• Exercise brief: Pictures stay out of the copy. Repeat exactly the lines from the first entry below through the line that contains "Универсал Renault Laguna 2008 в Ровно фото", and nothing beyond.
[[ Excerpted records, beginning ]]
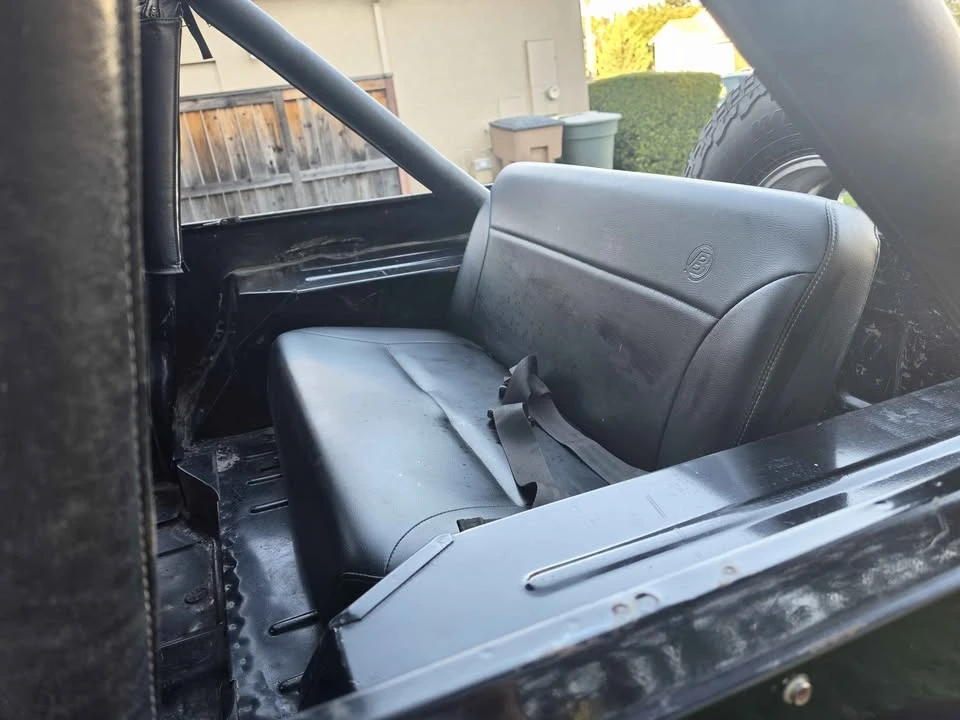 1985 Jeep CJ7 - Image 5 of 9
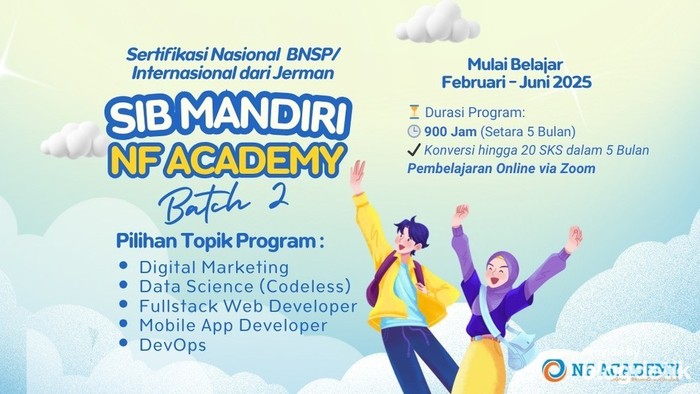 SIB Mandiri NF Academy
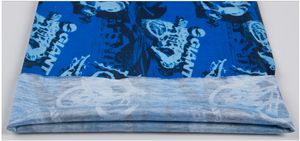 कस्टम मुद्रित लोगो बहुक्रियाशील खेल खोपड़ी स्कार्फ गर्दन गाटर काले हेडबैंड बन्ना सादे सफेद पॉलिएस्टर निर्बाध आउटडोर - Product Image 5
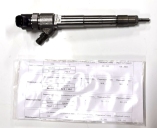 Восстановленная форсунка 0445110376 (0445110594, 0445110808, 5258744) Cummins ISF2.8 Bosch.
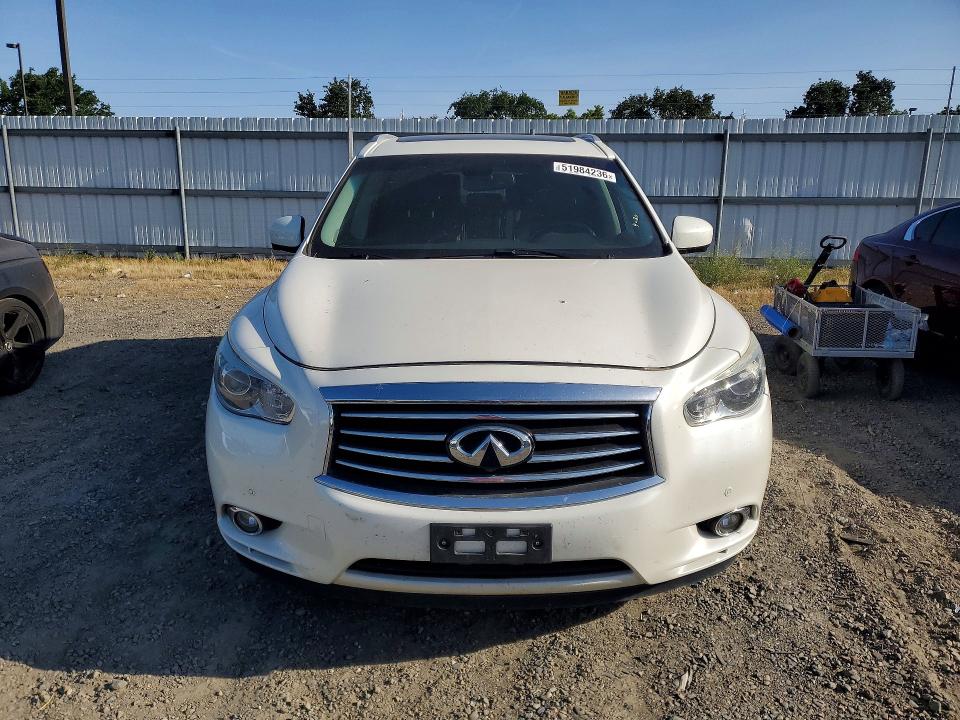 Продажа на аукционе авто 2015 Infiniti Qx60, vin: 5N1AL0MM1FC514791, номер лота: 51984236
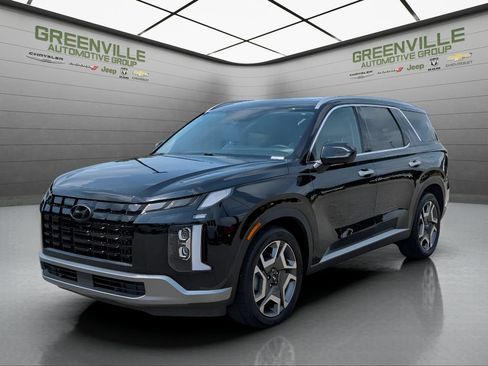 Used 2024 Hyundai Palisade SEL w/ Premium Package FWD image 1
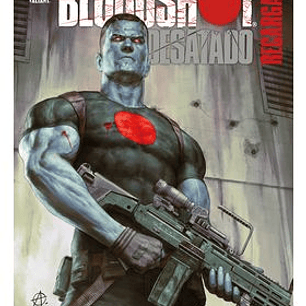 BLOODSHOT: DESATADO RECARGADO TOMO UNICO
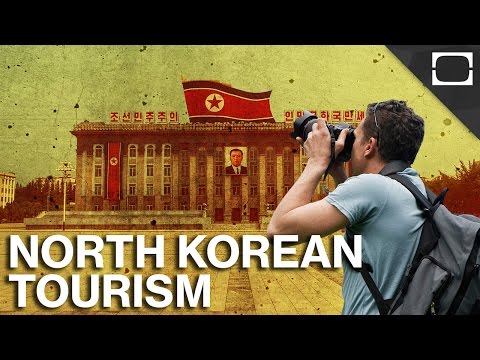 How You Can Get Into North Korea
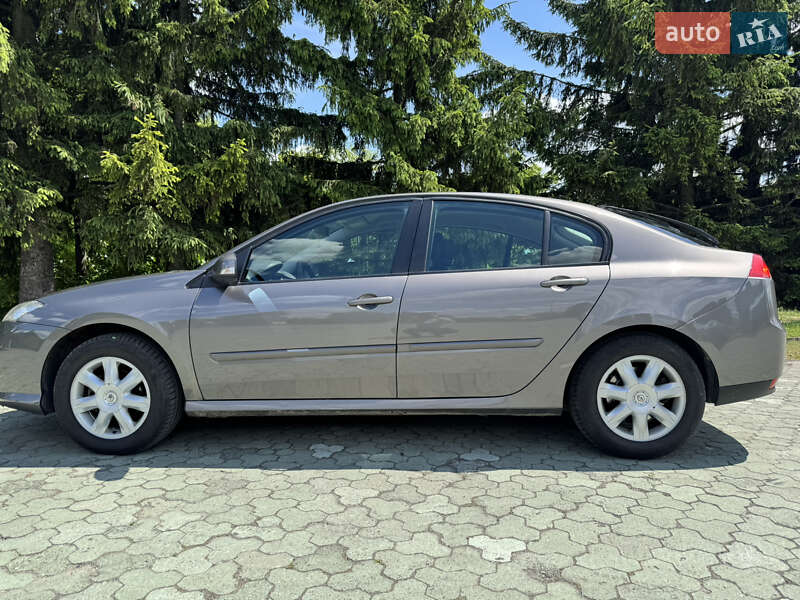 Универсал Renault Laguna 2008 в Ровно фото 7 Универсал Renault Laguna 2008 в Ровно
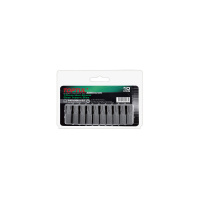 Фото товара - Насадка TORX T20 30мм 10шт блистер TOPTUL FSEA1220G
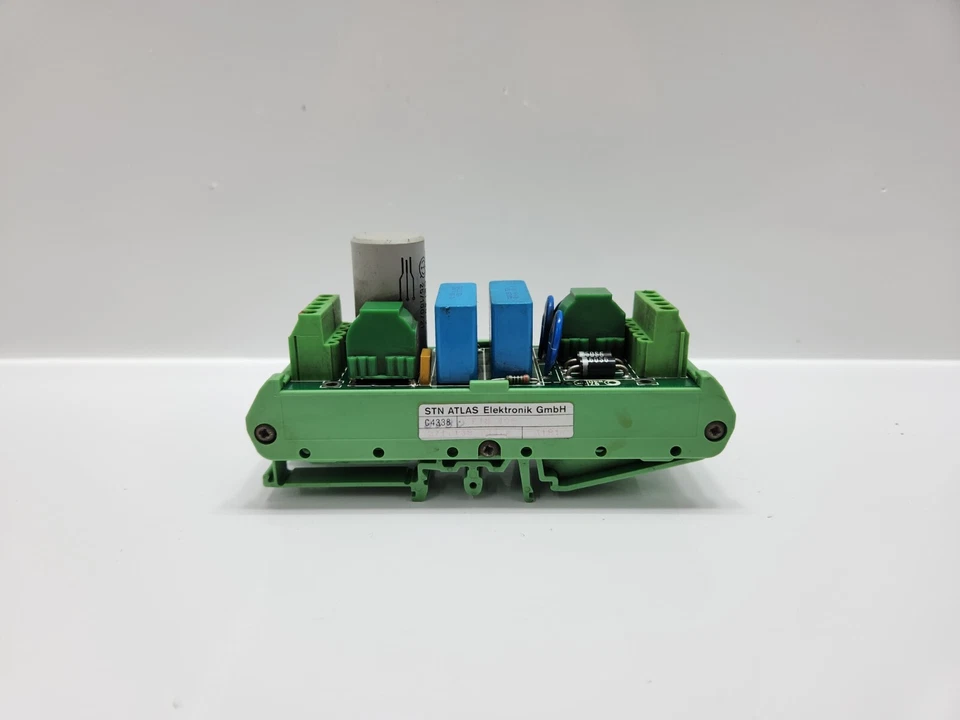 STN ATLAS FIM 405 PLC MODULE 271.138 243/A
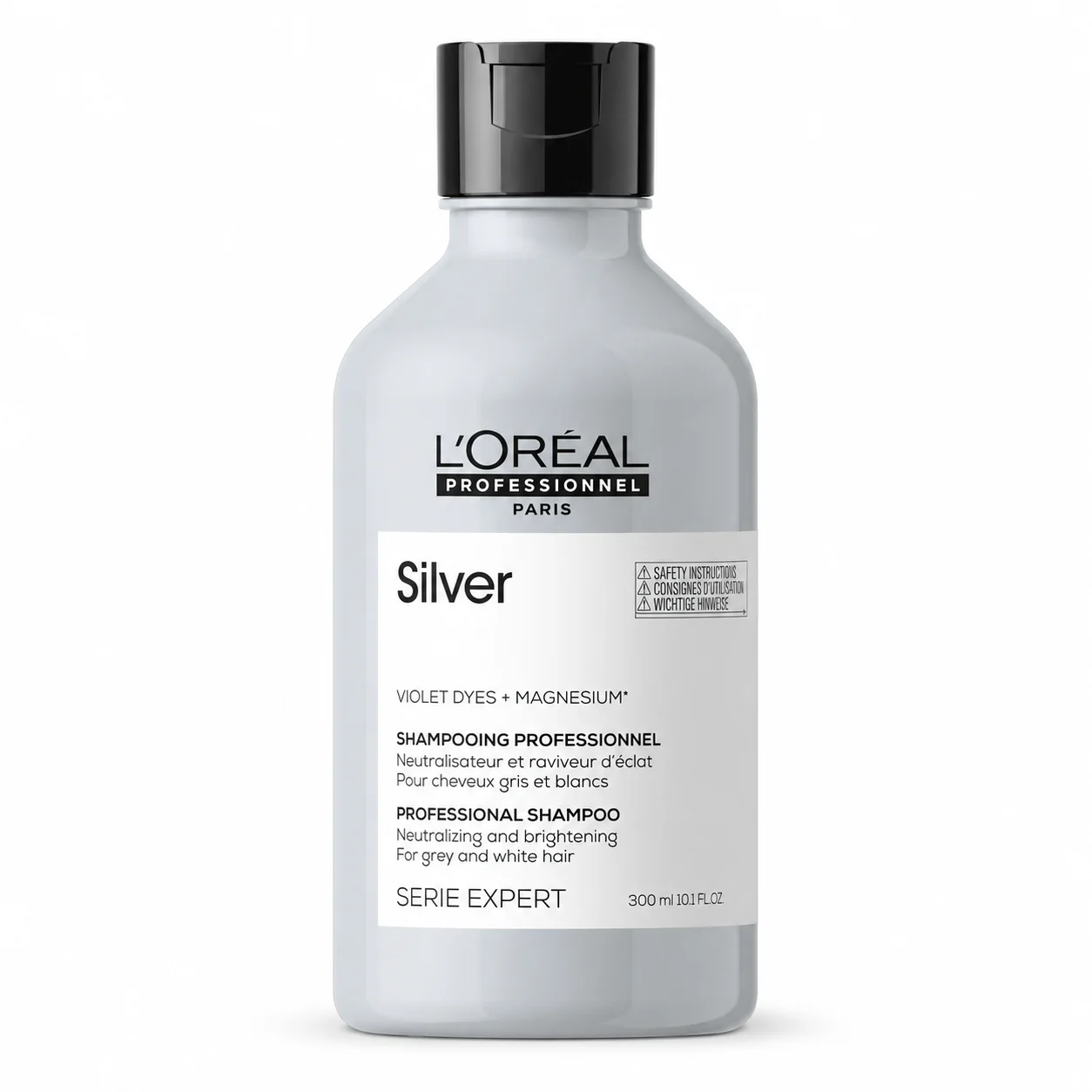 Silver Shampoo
[[ Excerpted records, end ]]
• Exercise output:
 1985 Jeep CJ7 - Image 5 of 9
 SIB Mandiri NF Academy
 कस्टम मुद्रित लोगो बहुक्रियाशील खेल खोपड़ी स्कार्फ गर्दन गाटर काले हेडबैंड बन्ना सादे सफेद पॉलिएस्टर निर्बाध आउटडोर - Product Image 5
 Восстановленная форсунка 0445110376 (0445110594, 0445110808, 5258744) Cummins ISF2.8 Bosch.
 Продажа на аукционе авто 2015 Infiniti Qx60, vin: 5N1AL0MM1FC514791, номер лота: 51984236
 Used 2024 Hyundai Palisade SEL w/ Premium Package FWD image 1
 BLOODSHOT: DESATADO RECARGADO TOMO UNICO
 How You Can Get Into North Korea
 Универсал Renault Laguna 2008 в Ровно фото 7 Универсал Renault Laguna 2008 в Ровно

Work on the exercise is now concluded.